5人が本棚に入れています
本棚に追加
第五話
六月の終わりも近くなる頃、日本の天気は梅雨入りとなった。家では衣替えも終え、外も段々暑くなってきている。去年よりも気温が上がり、30℃越えが続く日々に団扇、扇風機、クーラーはまさに、夏の三種の神器である。
あの夢からも二週間程たち、何の情報も得られず、解明への一歩すら踏めていない。
潔く諦めた方がいいのか
そんなことを思う時間が日に日に増えていくばかりである。
今日もまた雨である。これも四日連続だ。別に僕にとっては何一つ不便はないが、一つだけ言うとすれば気分が落ち込んで仕方ない。テスト期間も近くなり勉強ばっかの日々で少しは外の空気を吸おうとするが雨のせいで中々それをすることも出来ない。
それでも、定期的にあのシャッター街に行くようにしている。
今日はその日であった。いつもの用意をカバンに入れカッパを着て家を出る。親からは勉強するために家から出るなと言われているが今のうちは仕事で家にはいないので、秘密で家からでる。
梅雨入りが続き地面がグチャクチャになっている可能性も考え、小説を二冊ほどレジ袋に包み持っていくことにした。

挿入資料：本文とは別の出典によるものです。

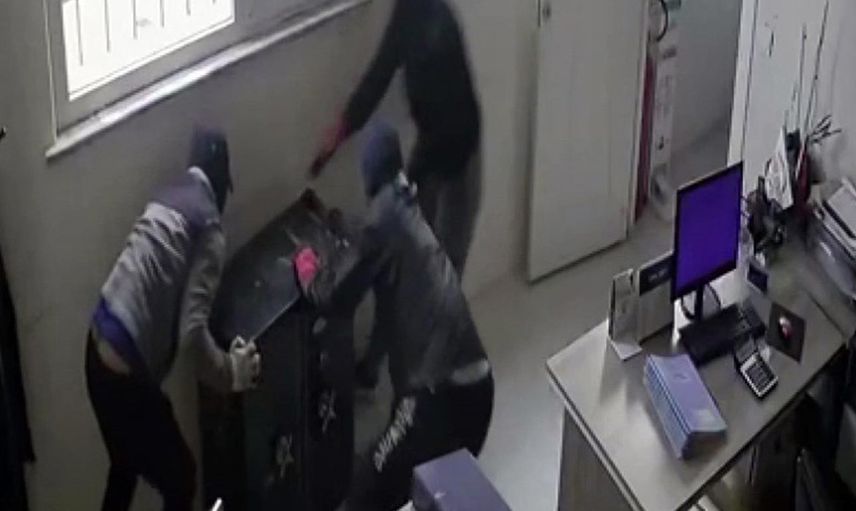 Esenyurt'ta bir tekstil çetesi milyonluk vurgun yaptı!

雨に濡れないところに自転車を置きあの路地裏へと向かう。
やはり、そこには例の彼女がいた。小説を読んでいた彼女は、僕がここに来たのを気づくなり、嫌そうな顔を僕に向けてきた。僕も嫌そうな顔を仕返し僕はお構いなしに雨に濡れないところに荷物を置く。土は雨のせいで想像していたよりもグチャクチャになっていた。
流石にこの状態では無理かと思い小説を読むことにした。
今回読むのは僕が一番好きな「未来」という本。この本を読むのはもう四回目だ。主人公である少女が未来から来た少年と出会い恋に落ちる話である。しかし、少年はその恋心に気づかない、結局は少年にその気持ちを伝えることが出来ず終わってしまうといえなんとも悲しい話だった。人によって意見が分かれ批判も多い小説だった。しかし、僕にとっては中々良かった作品の一つである。
しかし、この小説には僕でも腑に落ちない部分があった。最後のページが白紙のままで終わってしまっている。印刷会社のミスというわけではなさそうで、何故このような終わり方なのかそれだけが不思議で仕方がなかった。
「ねぇ?あなたも小説を読むの?」気付けば僕の近くにいた彼女が急に話しかけてきた。
「へぇ?」考え事をしてるときに話しかけられたので、思考が一瞬停止してしまい不甲斐ない声が出てしまった。
「だ~か~ら~、あなたも小説読むのってきいてんのよ!」
「あ、あぁ、僕も小説読むよ。僕にとって小説は宝であり、一つの世界でもあるからね」
「へぇ~何か意外だわ、あんたが小説読むなんて」と、彼女は僕の目をじっと見つめて言ってくる。
「それより、君が持ってるその本って守谷先生の?」
「え?あまり知られてない本なのによく知ってるわね」
「そりゃ、その本読んだことあるからね。大分昔だけど」
そう言うと、彼女は頭に「?」が浮かんでいる顔で自分の本を見る。でも、すぐにその顔はいつもの笑顔に変わった。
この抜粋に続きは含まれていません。